4. In paragraph 7 of his Witness Statement Christian Reusch repeats the claim of Norway's national and provincial newspapers in 1995 that I have harassed Heidi Schøne continuously after she returned to Norway in 1982 from being an au-pair in England. The two attached copy letters from Heidi Schøne (then Heidi Overaa) from 1984 (one postdated 22 August 1984 but mistakenly dated by her as 13 August 1983) and postcard from 1985 (see exhibit FED7) clearly show that we had lost contact and that she regards me as a real gentleman and she explicitly expresses her love for me. In 1995 Verdens Gang and Bergens Tidende and Drammens Tidende newpapers were sent these letters in response to their May 1995 articles and said nothing. Yet my behaviour in a further 20 or so Norwegian newspaper articles until 2006 (those that I happened to discover that is) was described thereon in as being 'Sex-terror' from 1982. My character and behaviour were described in the newspapers and by Heidi Schøne as being the polar opposite in every aspect to that described in her letter of 1984 (of which there are more). Yet in 1988 she asked me and my best friend Russell Gilbrook, a third dan in karate, (then the drummer with Alan Price and later for Chris Barber and presently the drummer with Uriah Heep) to assist her against her abusive boyfriend Gudmund Johannessen who had just caused her to make a second attempt on her life. She admitted all this in court yet still said I was, prior to this, another one of her many abusers.

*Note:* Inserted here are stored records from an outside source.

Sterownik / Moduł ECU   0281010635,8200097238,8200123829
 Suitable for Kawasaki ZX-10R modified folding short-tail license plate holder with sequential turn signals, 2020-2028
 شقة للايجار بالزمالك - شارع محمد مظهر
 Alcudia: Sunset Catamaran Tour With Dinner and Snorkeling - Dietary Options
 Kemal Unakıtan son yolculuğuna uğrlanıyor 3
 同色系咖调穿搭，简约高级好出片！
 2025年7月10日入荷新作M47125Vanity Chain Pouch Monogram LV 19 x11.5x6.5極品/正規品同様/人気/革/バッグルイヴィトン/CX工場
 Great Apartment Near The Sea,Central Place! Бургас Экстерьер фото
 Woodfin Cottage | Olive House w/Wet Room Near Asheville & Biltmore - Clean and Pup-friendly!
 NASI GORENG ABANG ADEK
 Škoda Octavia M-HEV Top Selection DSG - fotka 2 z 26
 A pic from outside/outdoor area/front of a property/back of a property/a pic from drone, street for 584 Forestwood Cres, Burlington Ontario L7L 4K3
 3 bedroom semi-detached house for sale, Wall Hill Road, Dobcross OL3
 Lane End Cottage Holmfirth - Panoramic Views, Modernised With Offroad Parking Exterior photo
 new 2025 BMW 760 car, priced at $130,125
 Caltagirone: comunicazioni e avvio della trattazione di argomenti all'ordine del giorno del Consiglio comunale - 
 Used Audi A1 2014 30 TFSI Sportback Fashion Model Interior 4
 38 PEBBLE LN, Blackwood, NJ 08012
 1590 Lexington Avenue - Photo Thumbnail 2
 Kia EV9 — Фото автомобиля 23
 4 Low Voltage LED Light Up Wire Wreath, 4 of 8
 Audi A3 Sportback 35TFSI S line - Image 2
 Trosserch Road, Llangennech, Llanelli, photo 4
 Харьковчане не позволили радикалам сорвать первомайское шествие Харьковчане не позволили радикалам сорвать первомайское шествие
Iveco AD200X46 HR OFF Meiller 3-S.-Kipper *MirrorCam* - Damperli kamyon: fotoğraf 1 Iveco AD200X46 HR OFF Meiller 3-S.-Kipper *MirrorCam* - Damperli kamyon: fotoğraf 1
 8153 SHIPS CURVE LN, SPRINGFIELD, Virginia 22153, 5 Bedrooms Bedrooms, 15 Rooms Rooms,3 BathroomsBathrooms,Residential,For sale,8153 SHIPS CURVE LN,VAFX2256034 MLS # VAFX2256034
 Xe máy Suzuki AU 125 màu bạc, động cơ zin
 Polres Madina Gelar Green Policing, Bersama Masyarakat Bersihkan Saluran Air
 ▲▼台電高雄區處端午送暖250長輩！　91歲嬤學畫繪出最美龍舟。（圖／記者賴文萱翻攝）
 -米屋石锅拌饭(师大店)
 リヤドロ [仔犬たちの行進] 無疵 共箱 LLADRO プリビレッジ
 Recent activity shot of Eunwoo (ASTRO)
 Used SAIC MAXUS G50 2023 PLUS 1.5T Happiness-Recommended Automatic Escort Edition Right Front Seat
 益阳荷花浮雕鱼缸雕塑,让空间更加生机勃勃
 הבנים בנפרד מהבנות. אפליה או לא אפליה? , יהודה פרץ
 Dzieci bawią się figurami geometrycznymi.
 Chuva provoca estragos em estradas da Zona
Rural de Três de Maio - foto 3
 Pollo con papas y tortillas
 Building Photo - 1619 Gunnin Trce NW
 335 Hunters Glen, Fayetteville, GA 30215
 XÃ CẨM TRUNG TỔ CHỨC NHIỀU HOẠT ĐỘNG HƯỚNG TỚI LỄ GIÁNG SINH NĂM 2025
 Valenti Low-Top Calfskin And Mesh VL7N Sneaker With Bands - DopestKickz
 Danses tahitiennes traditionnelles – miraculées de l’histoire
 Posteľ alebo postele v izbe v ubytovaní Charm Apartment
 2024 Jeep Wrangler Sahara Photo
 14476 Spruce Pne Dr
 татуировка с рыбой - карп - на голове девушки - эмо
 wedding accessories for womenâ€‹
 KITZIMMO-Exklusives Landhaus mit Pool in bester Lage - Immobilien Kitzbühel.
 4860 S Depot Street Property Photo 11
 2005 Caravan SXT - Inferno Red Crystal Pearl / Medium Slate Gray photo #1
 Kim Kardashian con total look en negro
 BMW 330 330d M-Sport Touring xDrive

What girl asks someone to travel to her country to help her against the abusive father of her child when that someone is also allegedly an extreme abuser too? She described me in court from 2002 as a rapist, a blackmailer: that if she did not let me "kiss her and touch her breasts" I would tell all her neighbours that she had been sexually abused by her stepmother's father; that I had threatened to kill her young son in a letter (no letter was ever produced) and had "stared hard" at him which she took as a sign of her fear that I would kill her son, Daniel. That I had threatened to kill her neighbours, her friends and family and had written over 400 obscene letters to her (none were written and none were produced). None of these allegations were reported to the police at the time regarding this alleged 'year in year out sex terror': the allegations were reported only to the newspapers in 1995 by Heidi, no doubt for money, and it was only by chance that the newspaper articles were made known to me by a lawyer I was using at the time to investigate Heidi Schøne.
Torill Sorte did not even read the three 1995 newspaper articles until I sent them to her in 1996. Police officer Svein Jensen is on record in March 1996 as saying he did not really believe Heidi Schøne. In August 1990 I visited her and her son and spent a lovely day with them. Heidi told me much about herself and her son and related how she had become a Christian and had been exorcised from the Devil and had spoken in tongues. She apologised for the problems she had inflicted on me and let me cuddle her young son who took out his dummy and gave me a big kiss. Much correspondence followed and Heidi sent me a Christian booklet, (she phoned me to say she had ordered from England) hoping to convert me to Christianity (see exhibit FEDS being the cover of the book and some internal pages). This happy period was conveniently forgotten by Heidi in her 1995 contact with the newspapers - after we fell out in 1994 when I discovered that in 1986 she had told the Norwegian police that I had attempted to rape her. This was not true and she did it in revenge for me writing to her father warning him of her dangerous behaviour (her association with a drug user who was the father of her child was just one aspect). I got some of my own revenge for this false attempted rape allegation by telling her neighbours all about her past.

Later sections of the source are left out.